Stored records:
·····

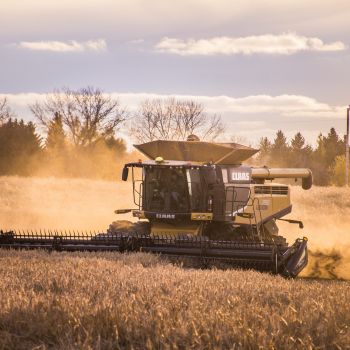 CLAAS-JD Lexion Bridge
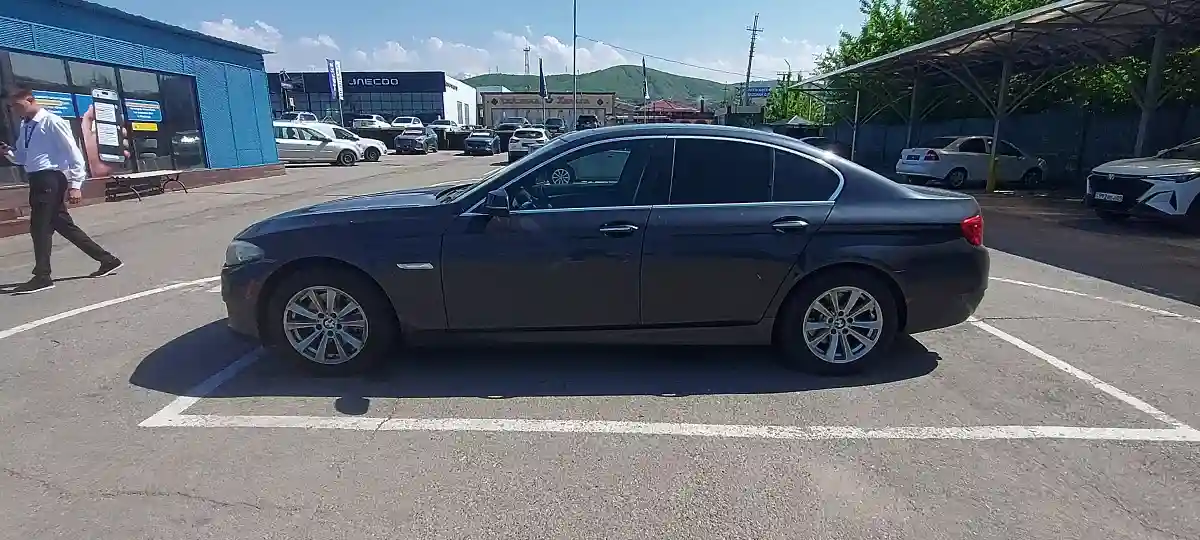BMW 5 серии 2013 года за 8 000 000 тг. в Алматы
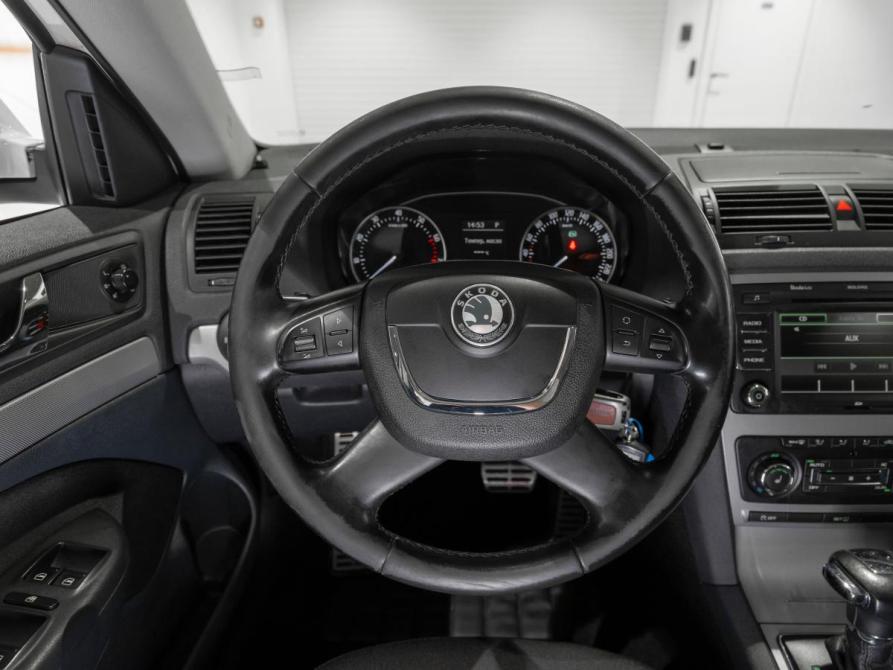 Skoda Octavia II (A5) Рестайлинг Москва  - изображение 9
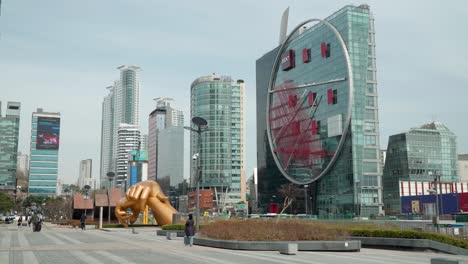 Gangnam-Style-Golden-Statue-In-Front-Of-DGB-Bank-In-Seoul,-South-Korea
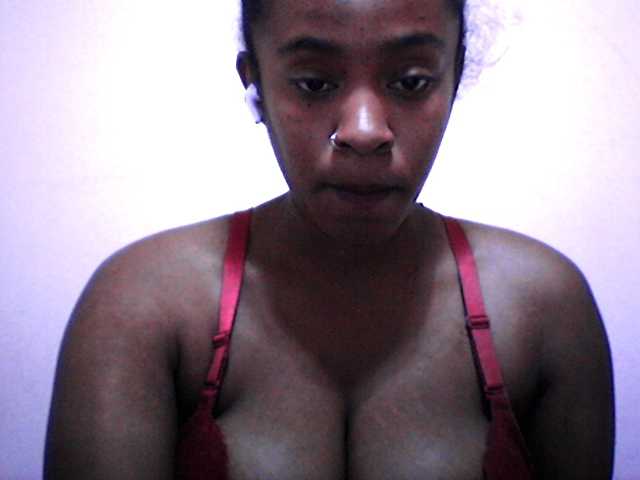 silviaLaBombe live cam on BongaCams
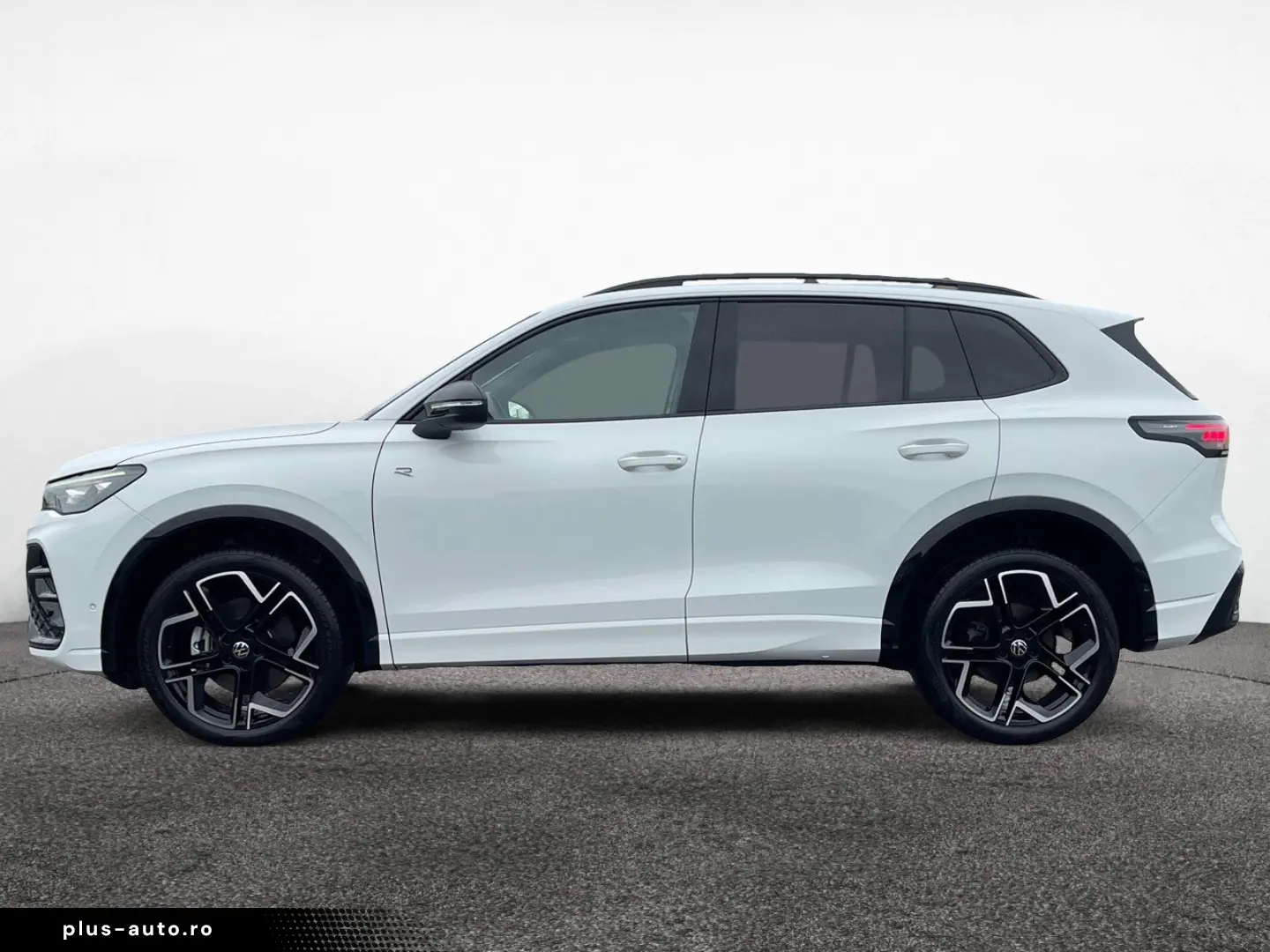 VW Tiguan R-Line 4Motion TDI DSG 20  AHK PANO BLACK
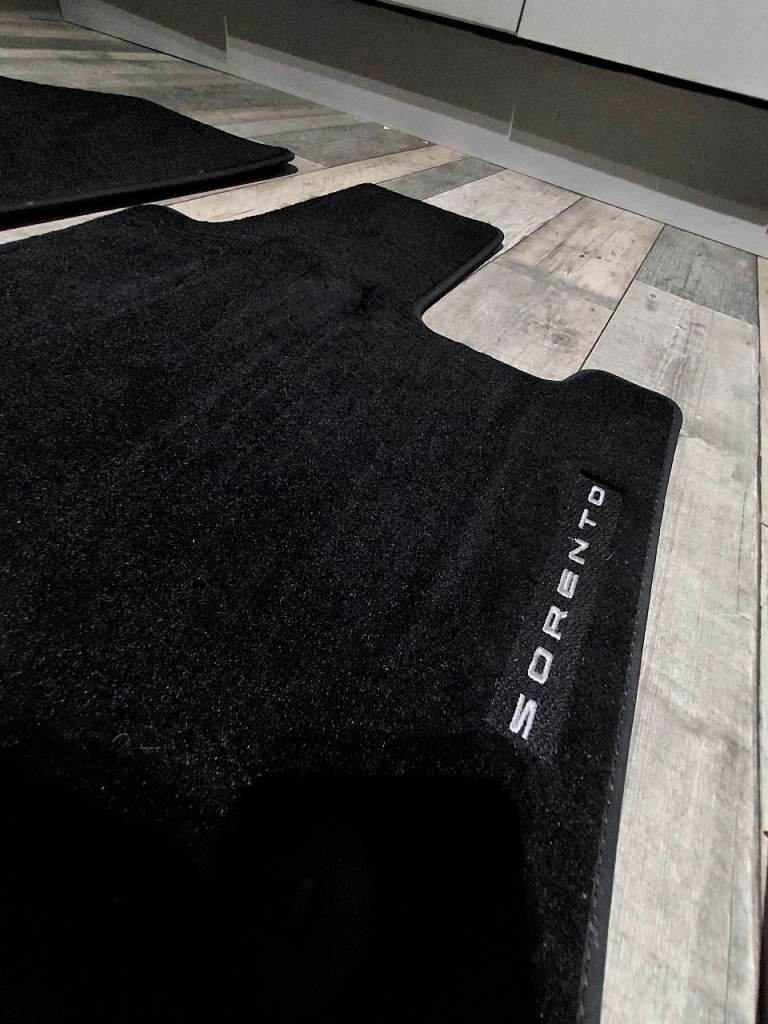 Geniune KIA sorento mats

·····

Exercise instructions
Retype the records above word for word, from their first line through the line containing "silviaLaBombe live cam on BongaCams", and leave out every picture.

Result
 CLAAS-JD Lexion Bridge
BMW 5 серии 2013 года за 8 000 000 тг. в Алматы
 Skoda Octavia II (A5) Рестайлинг Москва  - изображение 9
 Gangnam-Style-Golden-Statue-In-Front-Of-DGB-Bank-In-Seoul,-South-Korea
 silviaLaBombe live cam on BongaCams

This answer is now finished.